■ **Scraped caption text data**
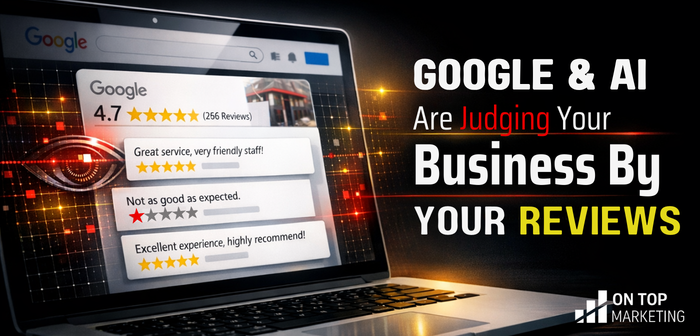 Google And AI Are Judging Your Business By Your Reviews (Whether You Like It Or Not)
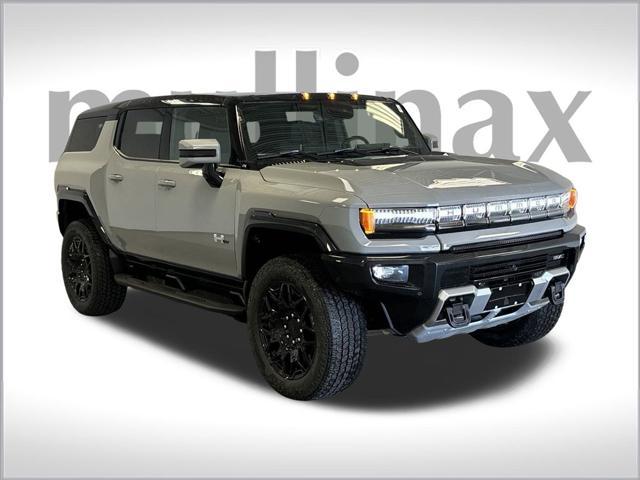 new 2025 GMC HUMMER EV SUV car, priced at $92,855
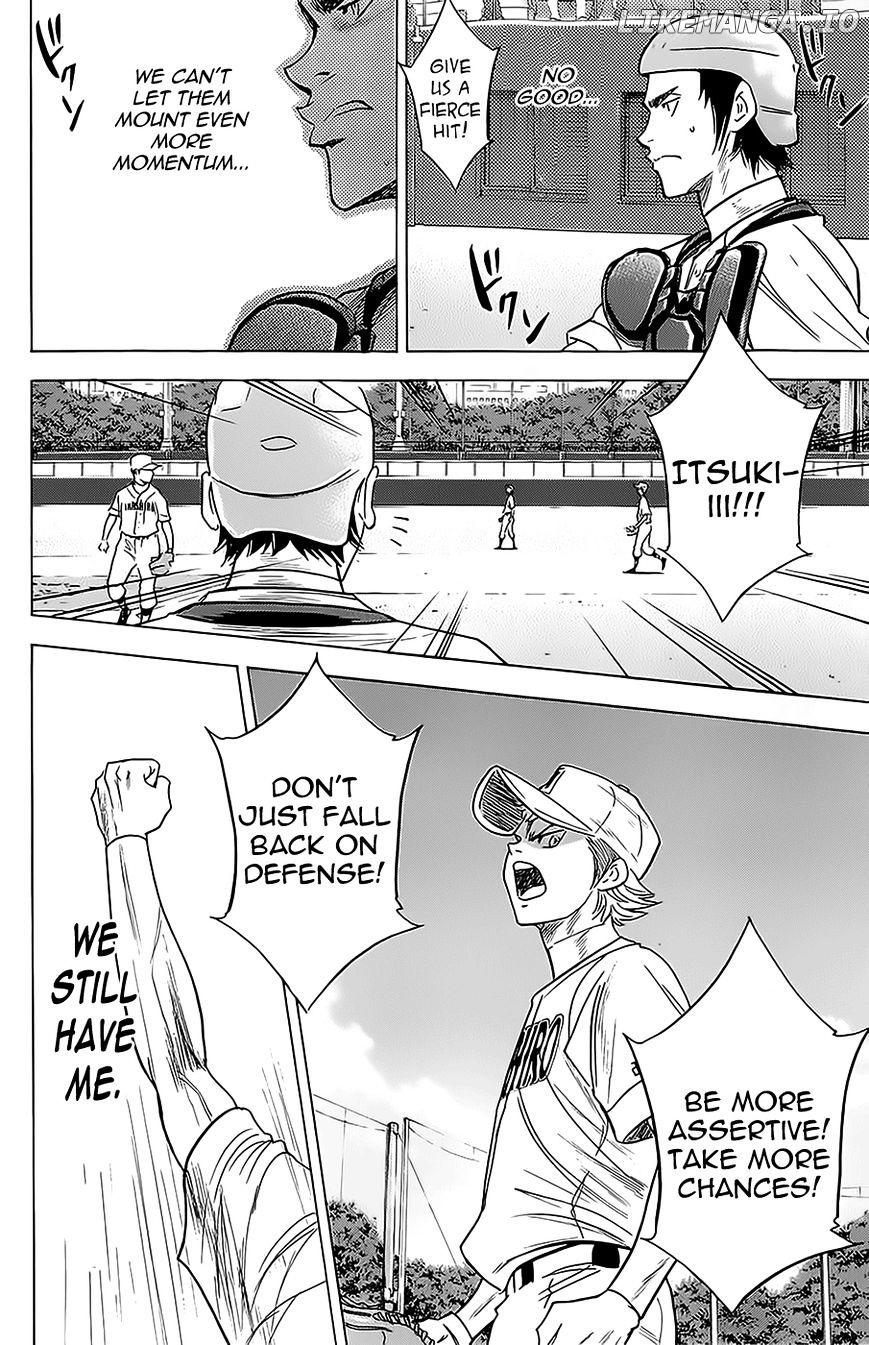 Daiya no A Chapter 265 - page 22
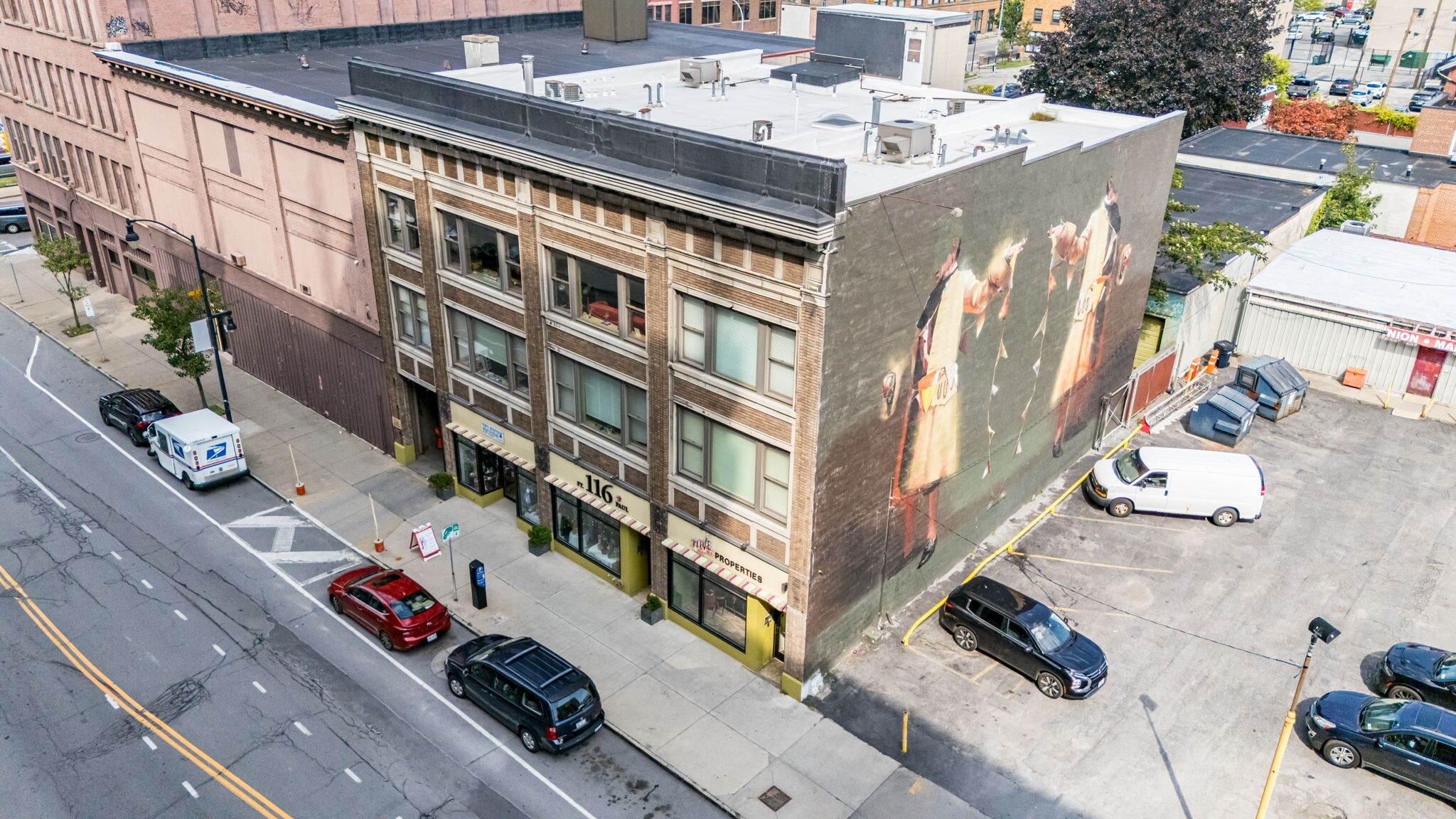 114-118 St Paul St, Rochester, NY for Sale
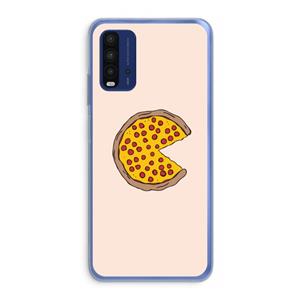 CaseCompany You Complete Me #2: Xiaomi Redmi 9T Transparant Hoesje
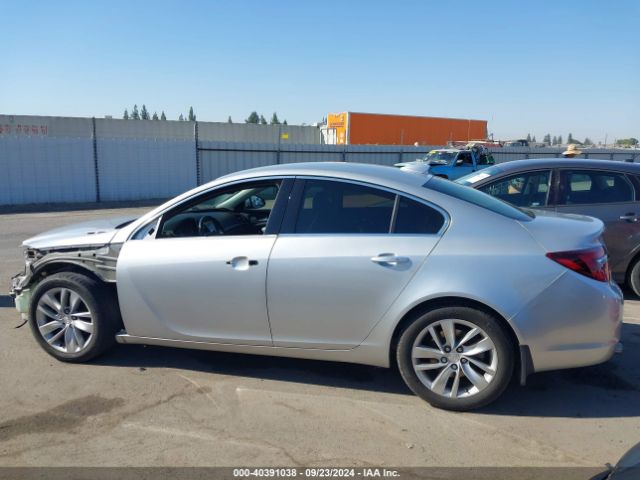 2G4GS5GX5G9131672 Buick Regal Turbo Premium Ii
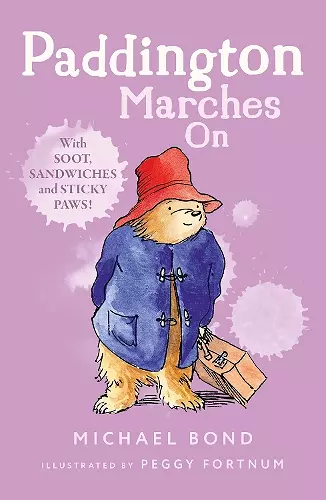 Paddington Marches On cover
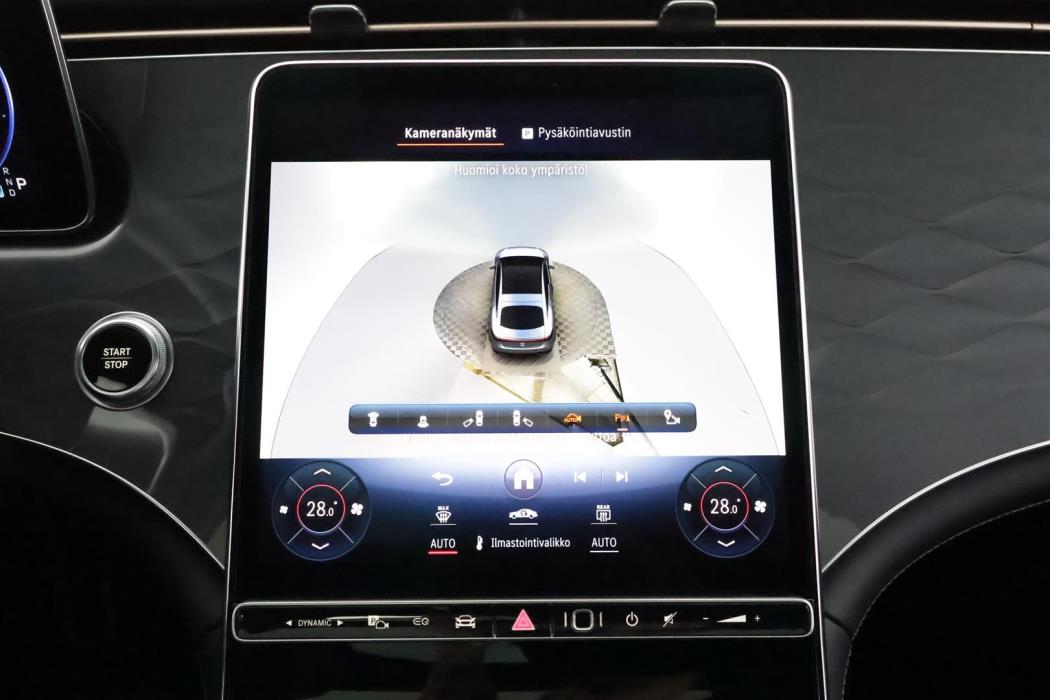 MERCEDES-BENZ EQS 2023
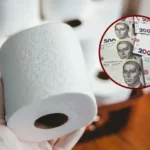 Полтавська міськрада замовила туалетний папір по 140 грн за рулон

■ **WORK REQUIRED**
The reply should repeat the data in full, exactly as given, and contain no pictures.

■ **YOUR SOLUTION**
 Google And AI Are Judging Your Business By Your Reviews (Whether You Like It Or Not)
 new 2025 GMC HUMMER EV SUV car, priced at $92,855
 Daiya no A Chapter 265 - page 22
 114-118 St Paul St, Rochester, NY for Sale
 CaseCompany You Complete Me #2: Xiaomi Redmi 9T Transparant Hoesje
 2G4GS5GX5G9131672 Buick Regal Turbo Premium Ii
 Paddington Marches On cover
 MERCEDES-BENZ EQS 2023
 Полтавська міськрада замовила туалетний папір по 140 грн за рулон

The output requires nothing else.